Finding time

Ordinarily I can handle stress really well, but recently I've found myself feeling a bit lost. I wonder if maybe I've taken on too much or if I'm looking too much in to things. I'm the kind of person that needs to keep themselves occupied and so I enjoy doing a lot of activities outside of the normal nine-to-five 5 day week, but at the same time I struggle to relax, breathe and most importantly do nothing without my brain planning what it is I should be doing, have to do or will be doing.
As I am growing older, my priorities are changing. Pushing myself out of my comfort zone to go and do bigger and better things for confidence is something I feel I have gotten better at, so that no longer feels like as much of a worry. However, finding the time or more so, forcing myself to make the time to sit down and clear my head should be a huge priority, if not for anything else then for my mental wellbeing.
I'm edging closer and closer to leaving home for Univerisity and at the time I filled out the application it just seemed like an eveyday thing that had no overall effect, but I am now realising how life changing the experience is going to be.

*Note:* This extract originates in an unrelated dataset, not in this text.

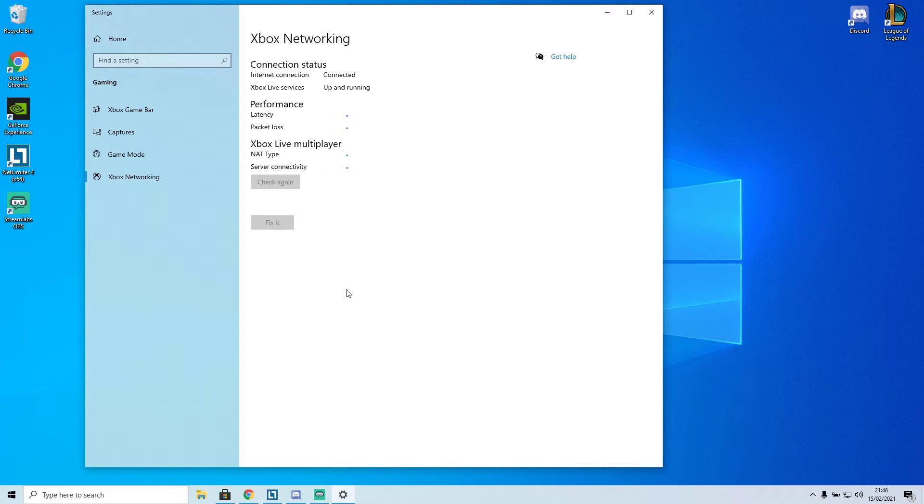And we should see... yeah, there you go. So NAT type open and server connectivity connected.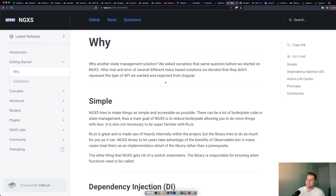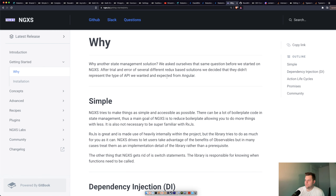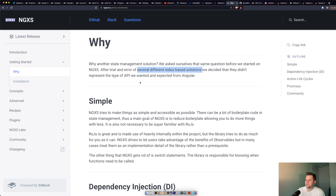Why another state management solution? I think there's room for something for everyone. After trying several different Redux-based solutions — they tried redux and ngrx, and ngxs was pretty early, at least 2018 — those didn't represent the type of API they wanted and expected from Angular. I've never really liked the Angular style of object-oriented stuff and decorators, and a lot of state management libraries seem to really want that.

Leaving home makes the experience ten times as scary as I know that I am going to have support myself mentally, physically and in some aspects, financially. Having a strong relationship with my Mum is going to make the experience difficult because I know that I am going to have face things on my own without always asking for her advice or expecting guidance. I guess the priority here would be to ensure I think with my own two feet ALWAYS and not just SOMETIMES.
It has occurred to me recently that maybe I have been swept up in the cycle of education and that in the midst of the storm, my hobbies and interests have been thrown at me as a way of knocking sense in to me that it is ok to have other priorities. Then I take a step back to think and remind myself that Univeristy is what I want and that it is going to help me to go on and pursue the career I want in the near future.
Finding the time to align my mindset, stay calm and keep positive is a challenge that I know I need to take on.